I have a love-hate relationship with Gustav Mahler.
I love dark Mahler. When Mahler’s music is in the depths of despair, I am right there with him, my eviscerated soul laid bare writhing in agony. There is no milk chocolate in Mahler’s world. That dark music is a gourmet flourless 80% cacao chocolate torte, so rich the flavor lasts for hours. But other times Mahler, as I like to put it, “goes Disney” – you know, the happiest place on earth. Sickeningly sweet. Like an overloaded ice cream sundae with caramel, hot fudge, peanut butter sauce and marshmallow, finished off with the obligatory whipped cream, walnuts, jimmies, and of course, cherry.
I don’t have a sweet tooth.
It’s the syrupy music of Mahler that disqualifies him from being my favorite composer, even though his somber, haunting music leaves me “deep into that darkness peering…wondering, fearing, doubting, dreaming dreams no mortal ever dared to dream before” to quote Edgar Allan Poe, a fitting pairing.
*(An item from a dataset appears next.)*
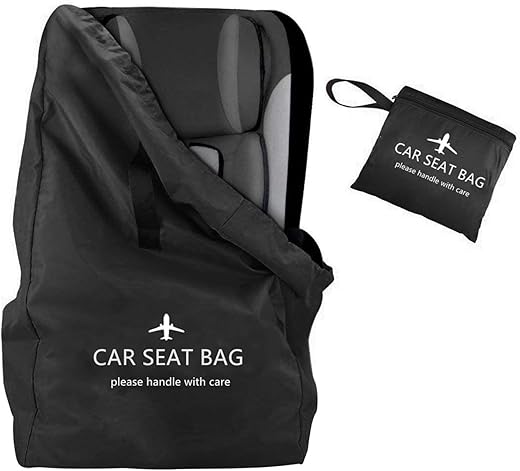 THE WHITE SHOP Car Seat Travel Bag Made with Water Resistant and Rip Resistant Fabric Universal Fit Travel Bag with Adjustable Back Straps with Padding Collapsible with Self Organizer Case Pocket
But despite the fact that I cannot bear listening to Mahler’s “Disney” music, I think I understand what he was doing. First, if music isn’t emotional, what’s the point? Second, the music must be what it is. Mahler doesn’t hold back. He allows the music and the emotion to achieve maximum fullness. It is incredibly intense, like the colors in a Fauvist painting. This is what I admire most about Mahler’s work, and I aim to emulate the courage to write passionate music regardless of the potential embarrassment of being too much.
A few months ago, I was commissioned to write a Christmas piece for the Greater Tiverton Community Chorus. As I finished it up over the weekend, I asked my husband to listen to it. I was concerned about it being “corny.” While my husband is not a composer, he is a musician with good taste and I implicitly trust his judgment. He listened, turned to me and said, “No, it’s not corny. But…it seems like something’s missing. Your ending needs more.” As I asked for more details, he sighed and replied, “I’m afraid you’re going to have go Mahler on this one.” I knew what he meant: Disney Mahler.
I revised the ending by giving the sopranos some higher notes and making the harmony more complex, then brought it back to him for another listen. In his best Edna Mole imitation, he said, “No, no, no, no, no! Dahlin’, where’s the BIG? Where are the dancing elephants?” Mahlering this up really meant working hard to pull out all the stops. Suddenly, I understood why only a touch of happiness wasn’t enough. There was still something missing, stifling the impact. I had to figure out what it was.
It finally came to me – I was missing percussion. I didn’t have the option to add timpani to the piece, but I had a piano which, in one light, is a percussion instrument. I made the left hand fill in for timpani and the right hand fill in for chimes. I gave the trumpet part more flourish and higher notes. Finally, it was finished – as over-the-top as it could be. I imagined Mahler coaching me, “That’s it. You’ve got to be all in. Go big, or go home.” I must have done it right because the director loved the piece and called it “magnificent.”
Am I falling in love with Disney Mahler?